These tools will no longer be maintained as of December 31, 2024. Archived website can be found here. PubMed4Hh GitHub repository can be found here. Contact NLM Customer Service if you have questions.
Pubmed for Handhelds
PUBMED FOR HANDHELDS
Search MEDLINE/PubMed
Title: Continuous positive airway pressure/pressure support pre-oxygenation of morbidly obese patients. Author: Harbut P, Gozdzik W, Stjernfält E, Marsk R, Hesselvik JF. Journal: Acta Anaesthesiol Scand; 2014 Jul; 58(6):675-80. PubMed ID: 24738713. Abstract: BACKGROUND: Morbidly obese patients are more prone to desaturation of arterial blood during apnea with induction of anesthesia than are non-obese. This study aimed to assess the effect of low-pressure continuous positive airway pressure (CPAP) with pressure support ventilation (PSV) during pre-oxygenation on partial oxygen pressure in arterial blood (PaO2 ) immediately after tracheal intubation (post-intubation PaO2).

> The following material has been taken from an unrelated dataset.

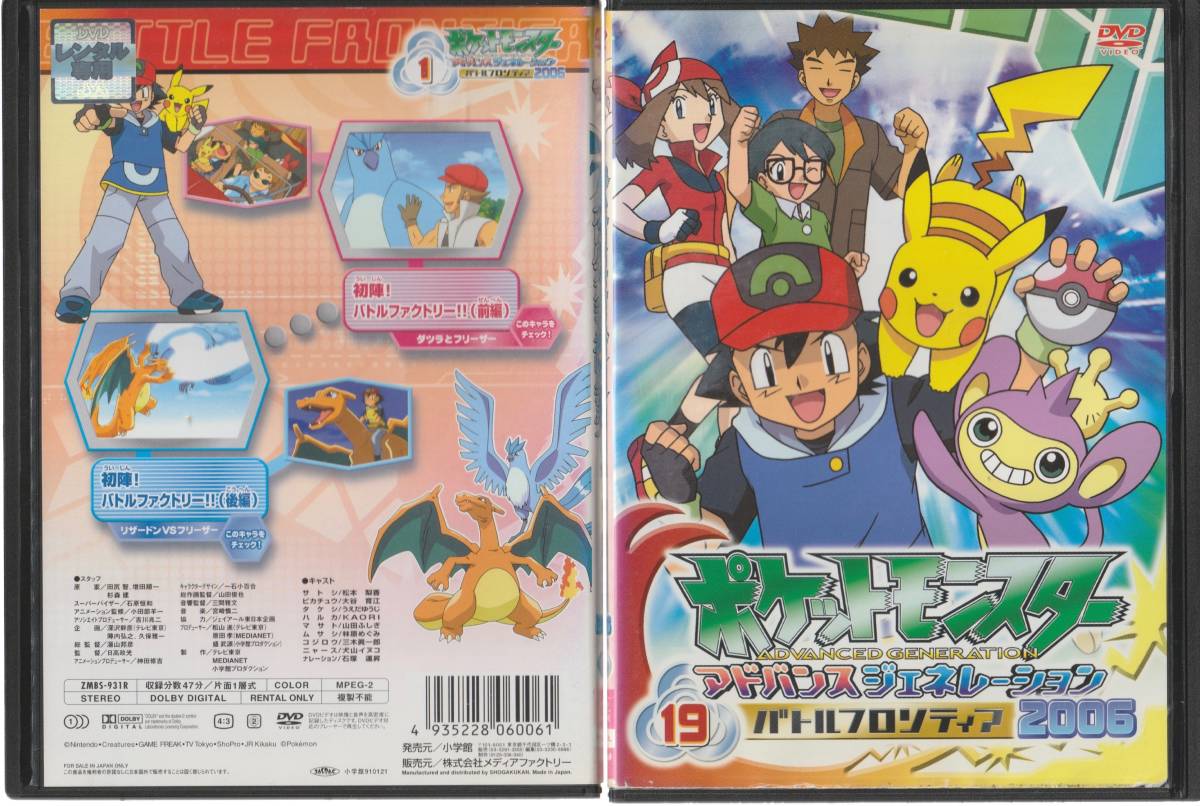 バトル フロンティア 歌詞 高屋亜希那 Akina Qllavy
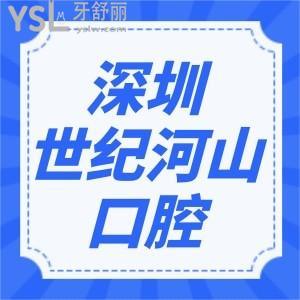 深圳世紀河山口腔種植牙收費貴嗎？一覽世紀河山口腔醫(yī)院價目表便知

METHODS: Forty-four adult patients scheduled for laparoscopic gastric bypass surgery were pre-oxygenated with 80% O2 for 2 min, randomized either to CPAP 5 cm H2O + PSV 5 cm H2O (CPAP/PSV, n = 22) or neutral-pressure breathing without CPAP/PSV (control, n = 22). Anesthesia was induced in a rapid-sequence protocol and the trachea was intubated without prior mask ventilation. Arterial blood gases were measured before pre-oxygenation, before induction of anesthesia, and immediately following intubation, before the first positive pressure breath. RESULTS: After pre-oxygenation, partial carbondioxide pressure was significantly lower in the CPAP/PSV group (4.9 ± 0.5 kPa), (mean ± standard deviation) than in the control group (5.2 ± 0.7 kPa) (P = 0.025). Post-preoxygenation PaO2 did not differ between the groups, but post-intubation PaO2 was significantly higher in the CPAP/PSV group (32.2 ± 4.1 kPa) than in the control group (23.8 ± 8.8 kPa) (P < 0.001). In the control group, nadir oxygen saturation was lower (median 98%, range 83-99%) than in the CPAP/PSV group (median 99%, range 97-99%, P = 0.011). CONCLUSIONS: In morbidly obese patients, low-pressure CPAP combined with low-pressure PSV during pre-oxygenation resulted in better oxygenation, compared with neutral-pressure breathing, and prevented desaturation episodes.[Abstract] [Full Text] [Related] [New Search]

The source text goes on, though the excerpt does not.